[proofplan]
We regard the closed linear span of finitely many observations as a finite-dimensional Hilbert space inside $L^2(\Omega,\mathcal{F},\mathbb{P})$, with inner product given by covariance because the process has mean zero. The innovations are obtained from the observations by a triangular orthogonalization procedure, so $E_1,\dots,E_n$ form an orthogonal basis of the same subspace as $X_1,\dots,X_n$. Expanding the orthogonal projection of $X_{n+1}$ in this basis gives the coefficient formula. The covariance recursion follows by inserting the earlier predictor formula into $E_k=X_k-P_{k-1}X_k$, and the variance identity follows from the Pythagorean decomposition of $X_{n+1}$ into its projection and innovation.
[/proofplan]
[step:Place the process in the finite-dimensional Hilbert-space setting]
Define the bilinear map
\begin{align*}
(\cdot,\cdot)_{L^2}: L^2(\Omega,\mathcal{F},\mathbb{P})\times L^2(\Omega,\mathcal{F},\mathbb{P}) &\to \mathbb{R}, \\
(Y,Z) &\mapsto \mathbb{E}[YZ].
\end{align*}
Since each $X_t$ has mean zero, this inner product agrees with covariance on pairs of observations:
\begin{align*}
(X_r,X_s)_{L^2}=\operatorname{Cov}(X_r,X_s)=\kappa(r,s).
\end{align*}
Define $\mathcal{H}_0:=\{0\}$, and for each $n\geq 1$ define the finite-dimensional subspace
\begin{align*}
\mathcal{H}_n:=\operatorname{span}\{X_1,\dots,X_n\}\subset L^2(\Omega,\mathcal{F},\mathbb{P}).
\end{align*}
By the finite-dimensional [orthogonal projection theorem](/page/Orthogonal%20Projection), for every $n\geq 0$ the orthogonal projection
\begin{align*}
P_n:L^2(\Omega,\mathcal{F},\mathbb{P})&\to \mathcal{H}_n
\end{align*}
exists; in particular, $P_0$ is the zero projection onto $\mathcal{H}_0$.

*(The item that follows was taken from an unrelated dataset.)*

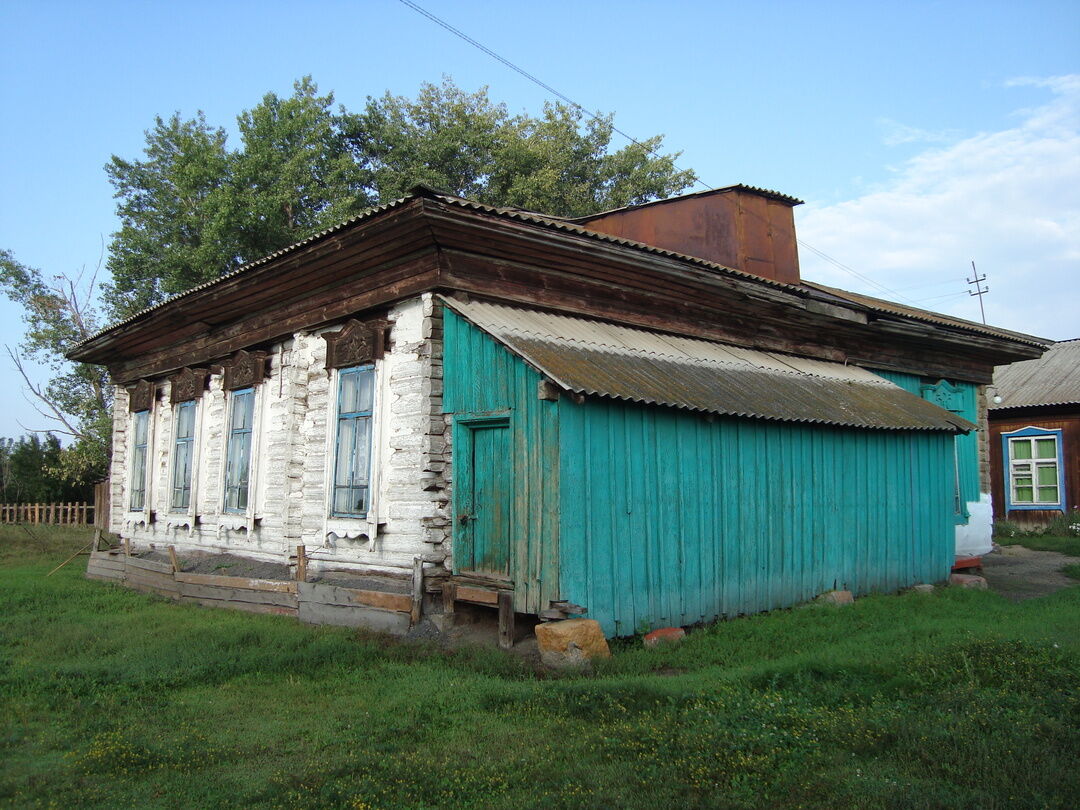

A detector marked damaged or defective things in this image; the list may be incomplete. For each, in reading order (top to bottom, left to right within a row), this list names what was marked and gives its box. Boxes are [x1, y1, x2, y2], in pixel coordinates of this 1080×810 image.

For each $n\geq 1$, define the covariance matrix $\Gamma_n\in\mathbb{R}^{n\times n}$ by
\begin{align*}
(\Gamma_n)_{rs}:=\kappa(r,s),\qquad 1\leq r,s\leq n.
\end{align*}
The nonsingularity of $\Gamma_n$ implies that $X_1,\dots,X_n$ are linearly independent in $L^2$. Indeed, if real numbers $a_1,\dots,a_n$ satisfy $\sum_{r=1}^n a_rX_r=0$ in $L^2$, then
\begin{align*}
0
&=
\mathbb{E}\left[\left(\sum_{r=1}^n a_rX_r\right)^2\right] \\
&=
\sum_{r=1}^n\sum_{s=1}^n a_ra_s\kappa(r,s).
\end{align*}
Thus $a^\top\Gamma_na=0$, where $a=(a_1,\dots,a_n)^\top$. Since $\Gamma_n$ is a positive definite covariance matrix, $a=0$. Hence $\dim \mathcal{H}_n=n$.
[/step]
[step:Show that the innovations form an orthogonal basis of the past]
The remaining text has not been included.